A opinião unânime é a de que o ponto fundamental do processo deve ser o realojamento dos moradores e a sua inserção na cidade. “Se o processo do novo realojamento não for bem conduzido, os problemas que existem naquele sitio que vem abaixo vão ser transportados para outros sítios”, diz Virgílio Borges Pereira. Na mesmo tom surgem as declarações de Luís Fernandes: “se este processo de realojamento se verificar de acordo com o que deve ser, haverá as tais conversas caso a caso e encontrar-se-á a melhor solução para cada família ou para cada grupo familiar alargado”.

“Não podemos ter um novo São João de Deus”

“É um processo que tem de ser mediado. Os técnicos da Câmara têm que ouvir as famílias e chegar às melhores conclusões para cada caso. É uma coisa que demora e, porque exige paciência e talento do ponto de vista da negociação social, muitas vezes passa-se por cima e faz-se de qualquer maneira”, lamenta o professor da FPCEUP.

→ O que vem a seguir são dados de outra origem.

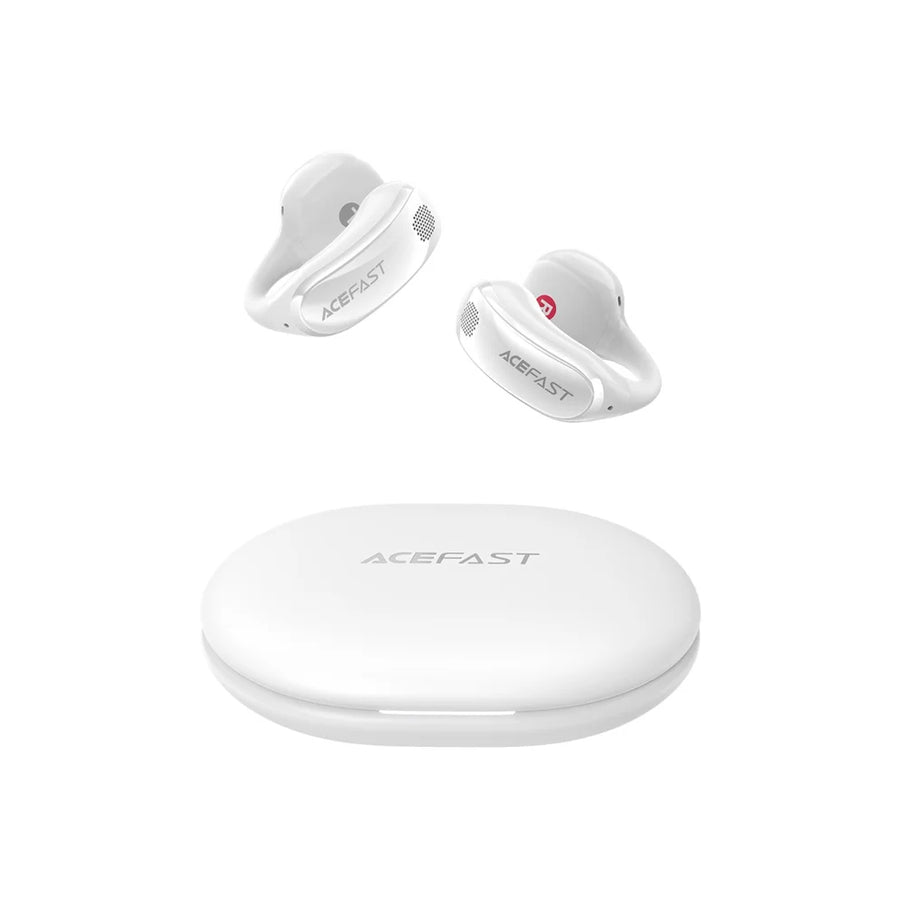 Auricular Inalámbrico NC Acefast FA006 ACECLIP Pro Blanco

Rio Fernandes pergunta: “como é que se resolvem questões sociais?” De seguida, o professor da FLUP dá a resposta: “de várias maneiras, mas no essencial, os problemas resolvem-se com as pessoas e não em torno de prédios e de ruas. É um aspecto que tem estado muito ausente na nossa Câmara. Parece que os problemas se resolvem dinamitando prédios”.

Luís Fernandes, por seu lado, alerta para os perigos de se levar a cabo um processo semelhante ao do Bairro São João de Deus. “Temos no São João de Deus uma situação que funcionou como um laboratório social em termos de se perceber o que é que acontece numa operação quando é feita de um modo violento: reproduz os problemas. E foi reproduzi-los para o Bairro do Cerco, para a Pasteleira Nova”.

“Não podemos ter um novo São João de Deus. Se tivermos, isso significa que não há respeito pelas populações mais pobres. Não houve respeito no São João de Deus, era bom que houvesse agora”, salienta o académico da FPCEUP. Segundo Luís Fernandes, para os moradores de um bairro que são realojados forçosamente, o impacto sente-se na própria “identidade social”, uma vez que existe uma sensação de pertença ao espaço que ocupam. “Nós quando mudamos de casa é porque optamos fazê-lo. Estas populações que não têm direito a decidir andam um bocado ‘com as calças na mão'”.

Luís Fernandes salienta que é uma situação que “raia a indignidade, as pessoas serem tratadas como um objecto que pode ser mudado daqui para ali, sem que lhes seja perguntado nada”.